As many as 2 million unemployed workers could experience delays in getting extended jobless benefits, despite lawmakers’ efforts to complete the $1.9 trillion stimulus package before the benefits ran out.
The forecasted delays of jobless benefits, including the $300 weekly supplement, are a result of how close lawmakers came to the deadline in mid-March when many of those benefits were set to expire, according to new research by Andrew Stettner, a senior fellow at the Century Foundation.
Other delays some recipients are experiencing have nothing to do with the stimulus, but instead are related to complicated processes for keeping people enrolled in unemployment benefits longer than a year, which varies state by state.
Abe Caldwell, 31, is one of those people. A bartender in Traverse City, Mich., who has been out of work since the beginning of the pandemic, Caldwell was bumped off the unemployment rolls last week for income reasons that he doesn’t fully understand.

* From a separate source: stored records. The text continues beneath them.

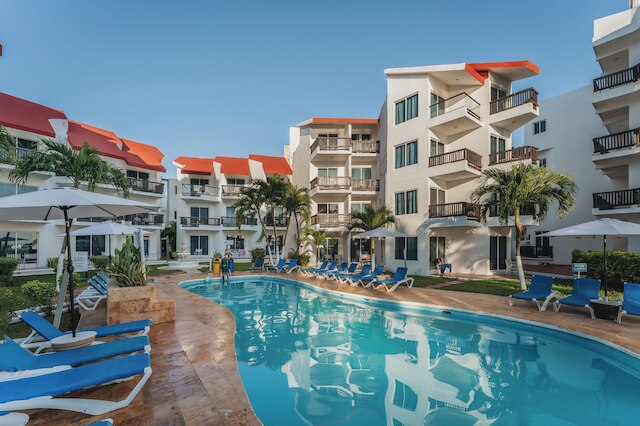 ホテル インペリアル ラス ペルラス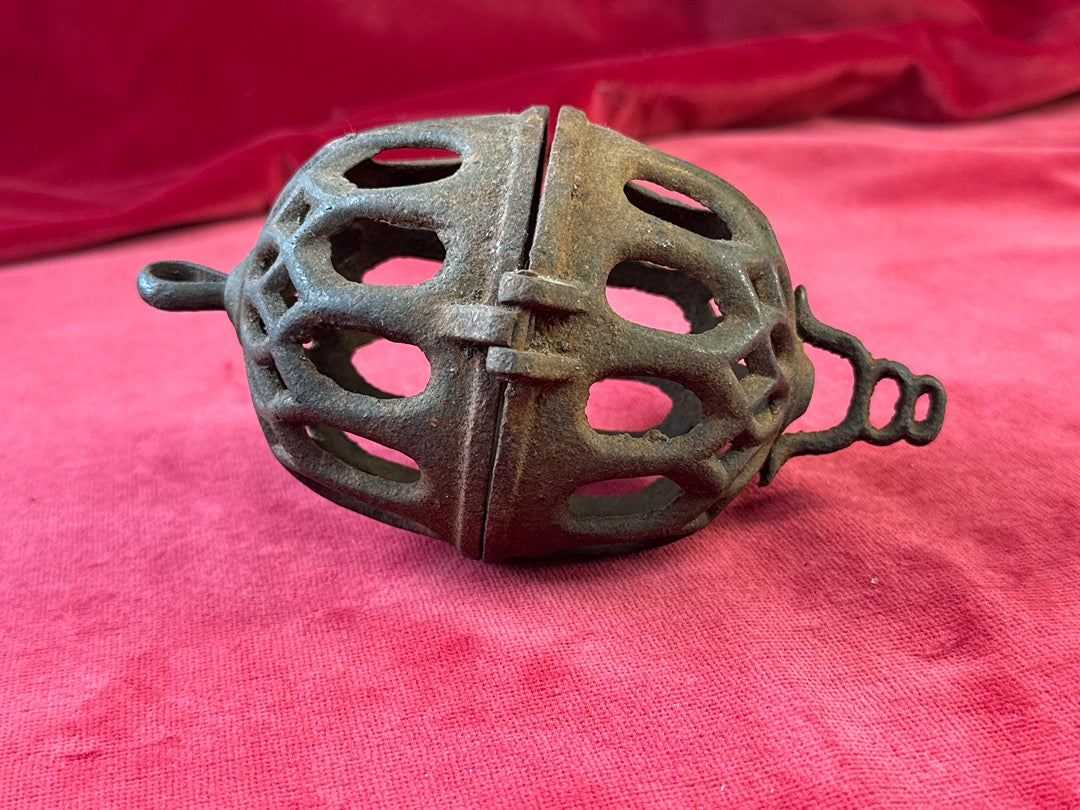 Porte-ficelle ancien en fonte ajourée, boule ouvrante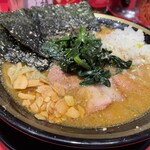ラーメン 環2家 - ごま+フライドガーリック投入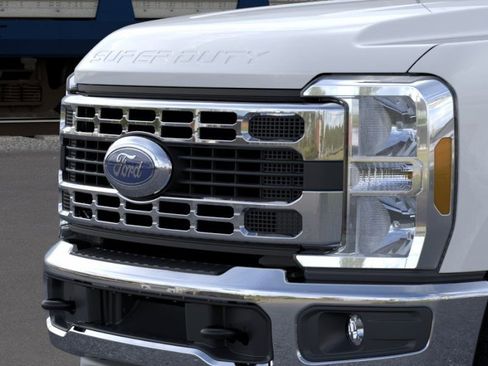 New 2026 Ford F350 XL w/ XL Chrome Package RWD image 16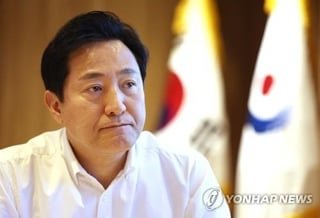 Prosecutors raid Seoul mayor over corruption allegations | Yonhap News Agency
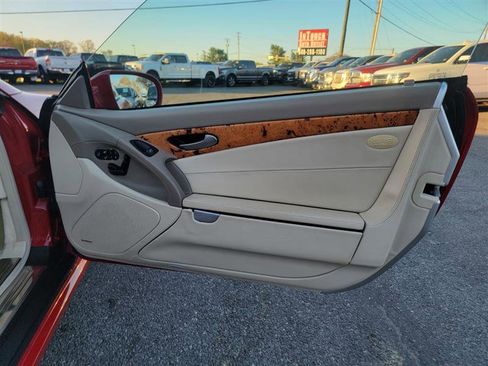 Used 2011 Mercedes-Benz SL 550 image 24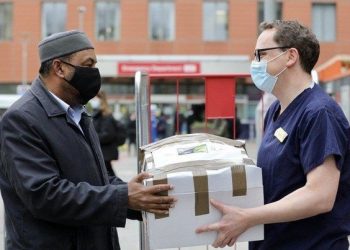 Masjid London Sediakan Makanan Berbuka untuk Pekerja Medis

“It was so stressful,” Caldwell said. “I filed the appeal, so we’ll see what happens with that. But I’m not gonna hold my breath.”
The new round of delays in unemployment insurance illustrates the challenges facing state and federal officials who are trying to get funds from the enormous coronavirus relief package into the hands of those who need them most. Some 18 million people are still collecting unemployment insurance, including many since the beginning of the pandemic.
Millions of others have also experienced delays getting stimulus checks after each relief package that authorized them over the past year. Backlogs at the IRS are causing delays for tax refunds this season.
But the pandemic has revealed how poorly prepared state unemployment systems and their often badly outdated computer systems are for a crisis of this magnitude.
The delays this round are not expected to be as bad as the last time Congress extended benefits, in December, after months of deadlocked negotiations. Stettner says his data showed that some 4 million to 5 million unemployed workers experienced delays then, and that those delays were longer than he expects these to be.
The Washington Post reached out to 15 states to ask whether they were expecting delays in implementing the benefits extension authorized by the new stimulus package.
One-third of the group — Oregon, Ohio, Kansas, Nevada and Oklahoma — said that it was either too early to tell or that they were awaiting guidance from the U.S. Department of Labor before they could give more information. Seven — Texas, New York, New Jersey, Georgia, Florida, Alabama and Michigan — said they were not anticipating large numbers of delays, with many saying that the possibility of delays is lessened because the bill extends existing programs rather than creating new ones. California and North Carolina did not offer a detailed response to requests for comment. Tennessee said it was working as quickly as possible to update its computer system to implement the programs.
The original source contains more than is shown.